A combination of three tunnelling methods is being used in north Manchester to provide a long term solution to sewage overflow..
Residential sewage from housing estates around Prestwich will soon no longer pollute a local watercourse in times of heavy rainfall. A 900m long replacement underground pipeline will direct sewage into a hand-shield excavated overflow storage tunnel, designed to safeguard the nearby Singleton Brook, a tributary of the River Irwell.
The sewer consists of five distinct sections of pipeline totalling 665m in length, made up of four microtunnelled drives with a pipejacked tunnel between sections four and five. The pipejacked section followed the line of an existing sewer and effectively served to enlarge this for greater flows.
The project, the Prestwich Golf Course combined sewage overflow scheme, is part of North West Water's pounds2.84M project to replace an ageing Victorian system which discharges sewage to the Brook in times of heavy rainfall. The new system was designed from specifications set down by technical consultant Bechtel.
Design and build contractor Amey Construction reached a milestone on the project earlier this month, when a Herrenknecht micro 8VN 800 tunnelling machine completed the first of the four microtunnels, a 175m long, 975mm diameter section. The machine broke through the concrete outer casing of a second access shaft on 7 October, six weeks after boring began from the first 9m deep access shaft. Site manager Jim Yerkiss says success was due to careful planning and a sophisticated guidance computer.
'The machine was directed with a laser controlled guidance system, which aligned a laser on the front of the cutting head with a fixed laser in the first access shaft. Our engineers had to keep the machine within specified tolerances of 75mm horizontally and 50mm vertically. We managed to keep within 34mm horizontally and were spot on vertically,' says Yerkiss.
Microtunnelling was chosen in preference to pipejacking for safety reasons as Yerkiss explains: 'The internal diameter of the sewers to be microtunnelled is 975mm - too narrow under health and safety regulations for a person to safely operate underground.'
The tunnelling machine has an automated rotating cutting head with 13 teeth. Stiff clay is loosened from the cutting face by pumping water through one of two pipelines. The second pipeline collects the slurry and feeds it back into a vibrating desanding unit, which separates the mix into earth for landscaping and wash water.

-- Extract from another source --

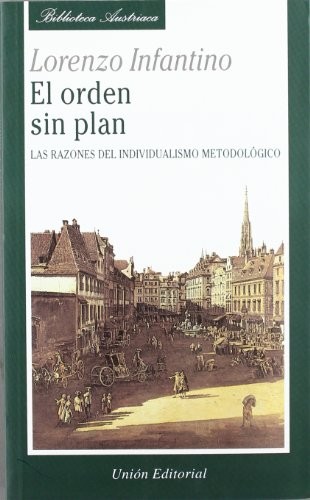 El orden sin plan, las razones del individualismo metodológico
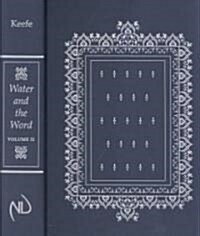 Water and the Word, Volume II: Baptism and the Education of the Clergy in the Carolingian Empire: Editions of the Texts (Hardcover)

Large glacial boulders slowed the machine, but Amey found that by electronically increasing the torque, the cutting action could be applied with a much greater force. After every 2.5m length of microtunnelling, a precast sewer ring was lowered into the first access shaft by mobile crane, and jacked into the cavity behind the machine. A pressure of 200t was required to insert the first pipe section, with each subsequent ring requiring an additional 2.5t of pressure.
The same technique will be used for the remaining three microtunnels.
The more traditional process of pipejacking was used to enlarge the existing sewer. Operatives used handheld pneumatic tools at the face to increase the internal diameter to 1.2m. Precast concrete pipes were inserted using a jacking rig.
Amey has also recently completed the new 250m long overflow storage tunnel, at the end of the pipeline.
Once the contract has been completed, Singleton Brook will meet Environment Agency water cleanliness standards. When other such projects in the area have finished, it is hoped trout will return to the River Irwell. The project is scheduled for completion in January 1999, although Amey is already six weeks ahead of programme.
Mike Walter writes for Barrett, Byrd Associates.